Até mesmo Gisèle Pélicot está a ser questionada sobre a sua cota parte de culpa, ao ter sido violada por mais de 80 homens, quando estava sedada pelo próprio marido. Humilhada em tribunal, como se, na realidade, não fosse assim tão vítima das dezenas de crimes de violação de que foi alvo. Como imaginam que são recebidas as demais que apresentam uma denúncia destas?
Se não gritou, nem esperneou, não pode ter sido violada
Gritou? Esperneou? Disse que não com todas as letras? Ficou quieta porque, na realidade, até estava a gostar? Chorou? Sentia-se previamente atraída por ele? Disse que sim e depois arrependeu-se de o ter feito e inventou que foi violada? Por que andava sozinha àquela hora? Não terá havido um mal-entendido? Tinha alguma coisa contra o arguido que a levasse a acusá-lo para o prejudicar? Quer sacar-lhe dinheiro? Se no dia a seguir até foi trabalhar, é porque não pode ter sido uma violação. Se não há nódoas negras, é porque não houve resistência. Se não houve resistência, é porque foi consentido. Se foi o marido, não é violação. Se demorou vários meses até fazer queixa, estava com dúvidas? Tudo isto já foi ouvido por vítimas de violação, seja quando se dirigem a uma esquadra para apresentar queixa, seja em tribunal. Como se para se ser vítima de um crime sexual houvesse um guião a cumprir. Não há. Até mesmo o facto de nestes casos ter de ser a vítima a ter de provar que o crime aconteceu, e não o arguido a ter de provar que é inocente, mostra bem quão enviesado é todo este processo. Não me admira que tantas prefiram lidar com isto em silêncio. Demasiadas vezes, a justiça que as devias proteger, torna-se no carrasco que lhes dá a estocada final na sua dignidade. Não devia ser assim, não tem de ser assim.

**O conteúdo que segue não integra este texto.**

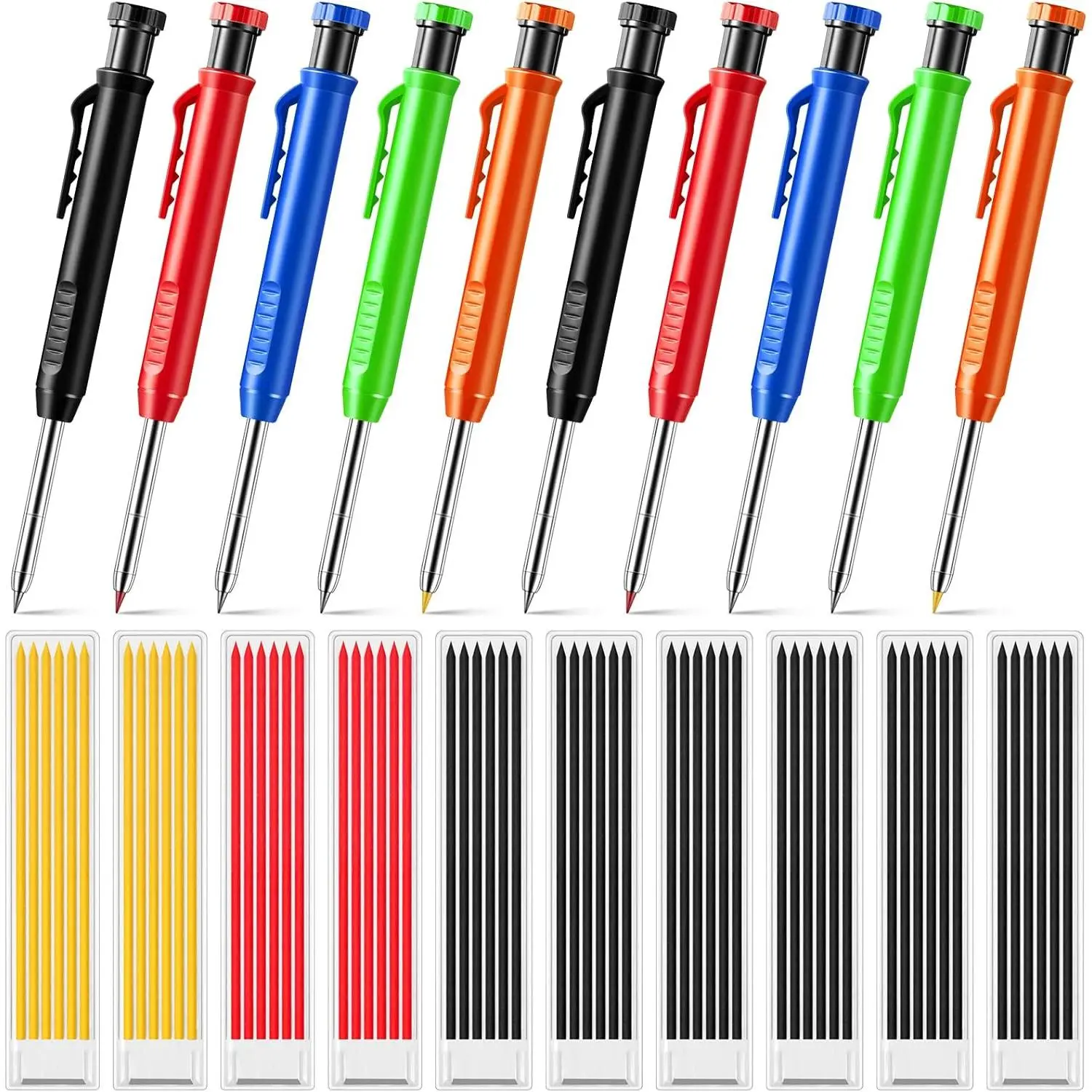 10 count Solid Carpenter Pencils with 60 count 2.8mm Refills Long Nosed Deep Hole Mechanical Pencil Marker Construction with  in Sharpener for Woodworking Drafting Architect Tool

Demasiadas vezes, a justiça que as devias proteger, torna-se no carrasco que lhes dá a estocada final na sua dignidade. Não devia ser assim, não tem de ser assim.
Importa percebermos que a violência sexual, seja ela na forma de assédio, seja na forma de violação, está sempre assente num jogo de poder do agressor sobre a vítima, exercido nas mais variadas formas (física, psicológica, etc). E que cada vez que a justiça não funciona, o que acontece é a manutenção nefasta desse mesmo exercício de poder. Cada vez que uma vítima é escrutinada, devassada, humilhada, descredibilizada e fica sem resposta por parte de quem a devia proteger, está a ser alvo de múltiplas formas de revitimização, sem se conseguir libertar de uma teia em que o agressor se mantém sempre na posição de poder. Poder esse que apenas se inverte se o agressor for efetivamente punido pelos seus atos: é necessário que seja feita justiça para que a vítima possa, finalmente, sentir que, de alguma forma, é ela que tem o poder da situação. É preciso que justiça seja feita para que as vítimas confiem que terão resposta e os agressores não tenham tantas certezas quanto à sua impunidade final.
Esperemos que Gisèle Pélicot venha, algum dia, a sentir que recuperou o seu poder.